Open Source voting machines


  • Wed 09 August 2017
  • misc

This is about as political as I hope to get in this blog. Please bear with me.

There was recently an op-ed in the New York Times advocating open source voting machines as a safeguard against security vulnerabilities that can be exploited for the purposes of election fraud.

Careful observers may note that the co-author is a fellow by the name of Brian Fox - the same Brian Fox who was the original author of bash. The notorious Shellshock bug was introduced while Fox was the primary author and maintainer of bash, and persisted in the wild for 25 years before it was discovered and patched (but not before being leveraged by bad guys). So much for open source being inherently more secure just because someone could audit it if they chose to.

Things haven't worked out well for OpenSSL either, but that's partially attributable to the byzantine complexity of the X.509 ecosystem. Be glad we didn't get more of that style of design from the OSI folks.
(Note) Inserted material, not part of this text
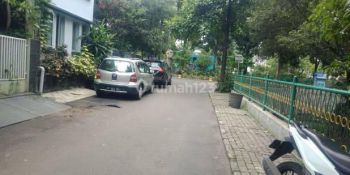 RUMAH 1 LANTAI SIAP HUNI BAGUS DEKAT AREA PERKANTORAN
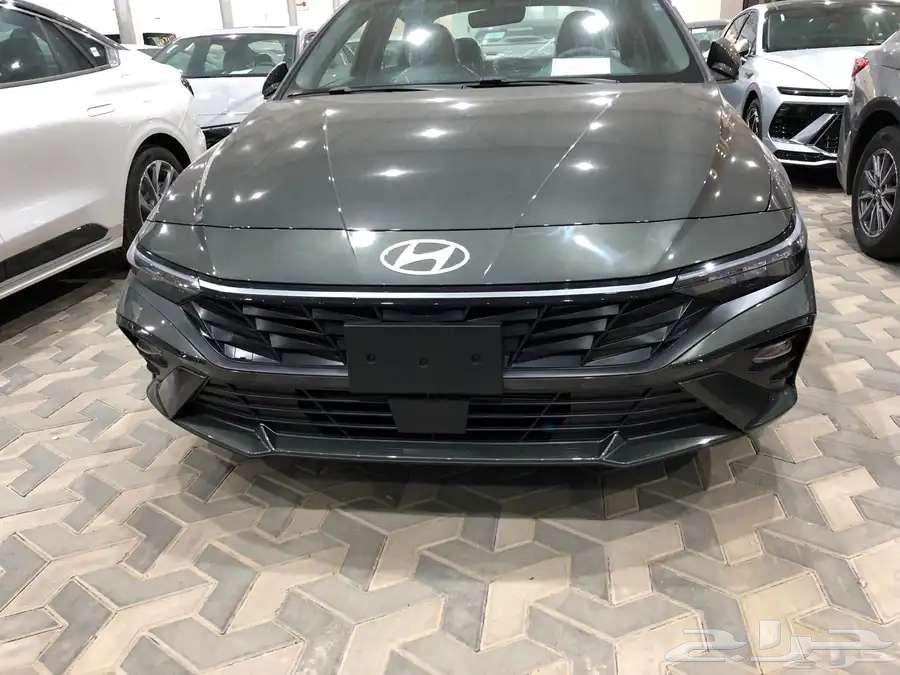 Hyundai Elantra 2.0 and 1600 Smarts 2025 installment at the lowest price63249780515970113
Back to the open source software security thing - while there's no shortage of people who are willing to do some kind of security audit on software for free, the auditing and quality assurance side of the world needs as much resources as the development side or more. And quality/repeatable auditing, as opposed to investigational free-form poking around, has a significant cost associated with it.

One could make the case that computer-based tallying systems are a solution in search of a problem and a poster child for the "just because we can doesn't mean we should" maxim. I've worked as a poll volunteer and hand-counted write-in votes. For as often as we have elections, there's nothing wrong with hand counting paper ballots.

I can hear it now, the cries of needing cryptographic certainty in the interests of avoiding fraud (oddly enough not from the same constituency that advocates voter ID laws because they're concerned about voter fraud). Tampering with elections in an entirely manual process leaves significant traces and doing it without someone noticing is actually hard. Notwithstanding Chicago's reputation for dead people voting, multiple different studies have concluded that election fraud isn't a thing in the US, at least not at a scale that affects elections.

None of this changes the fact that the guy who wrote free and open source software that included a huge security bug that went undetected for a quarter century is a rather odd messenger to be promoting free software as a cure to our imagined election fraud problems. Sometimes low tech is the best tech.